O período extenso de produção por si é um feito digno de mérito, mas ao mesmo tempo acaba sendo um tiro no pé desta obra. Com 165 minutos de duração, o longa já parece se estender muito mais do que deveria pela ausência de eventos concretos no roteiro. Somando isso ao período de 12 anos abordado, temos cerca de 4380 dias da vida de uma pessoa condensados em quase três horas de filme. O fato destas três horas demorarem tanto para passar está justamente nas falhas de roteiro, que poderiam ao menos ter criado um enfoque para ser explorado ao longo desses anos todos. Colocar esta quantidade de dias em um tempo proporcionalmente minúsculo traz um problema gigantesco: não abordar nenhuma das inúmeras fases da vida tão profundamente. Virtualmente todos os eventos importantes da infância e juventude do protagonista são mostrados, mas em nenhum deles há uma dedicação maior. Essa abordagem acaba evitando que ocorra um envolvimento maior do espectador com os eventos mostrados. Em alguns momentos uma imersão chega a começar a ser desenvolvida, porém o processo logo é prematuramente interrompido por um corte para outra fase da vida de Mason.

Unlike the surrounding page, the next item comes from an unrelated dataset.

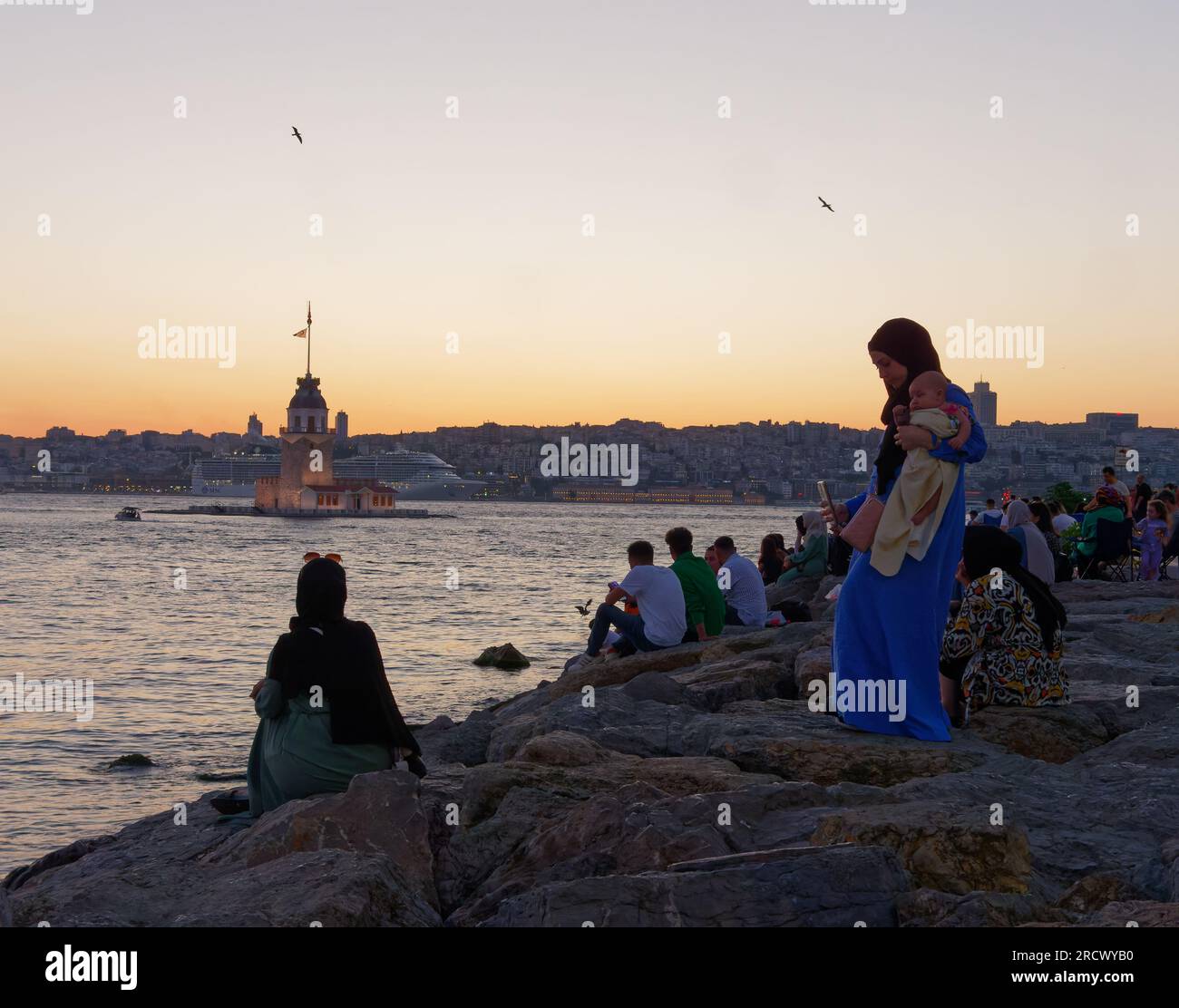 Die Menschen sitzen auf Felsen und genießen den Sonnenuntergang über dem Bosporusmeer und dem Maidens Tower von Uskudar, Istanbul, Türkei. Kreuzfahrtschiff hinten. Stockfoto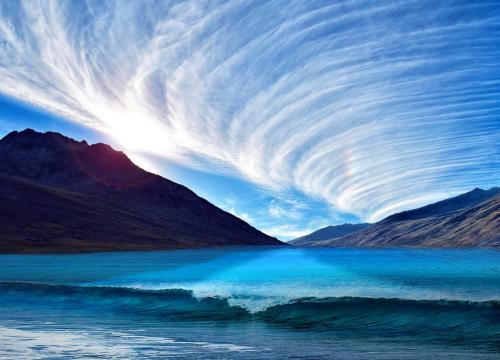Whispy swirling clouds over a body of water ringed with mountains.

Chegam a tentar inserir um sentido em cima de tudo nas cenas finais do longa, mas entregar uma resposta parcial neste ponto não resolve nada, ainda mais quando um desenvolvimento deste sentido é inexistente.
Apesar de tantos erros, Richard Linklater definitivamente acerta a mão na direção e montagem deste filme. Mesmo sendo extremamente cansativo em vários momentos, “Boyhood” consegue ter seu fator entediante minimizado pelos esforços do diretor. Saltos temporais muito grandes entre cortes de cena costumam ser muito incômodos, pois quase sempre causam confusão na hora de localizar o espectador na linha do tempo. Ao menos aqui, Linklater consegue montar seu longa-metragem de maneira bem suave entre os dias, semanas e anos abordados. Sem um manuseio tão sólido de tal “condução temporal”, esta obra certamente seria ainda mais cansativa, além de confusa. Mesmo minimizando a monotonia, a direção de Linklater não faz nada pela maneira rasa como os eventos são abordados pelo roteiro, fazendo de “Boyhood” uma das grandes decepções do ano.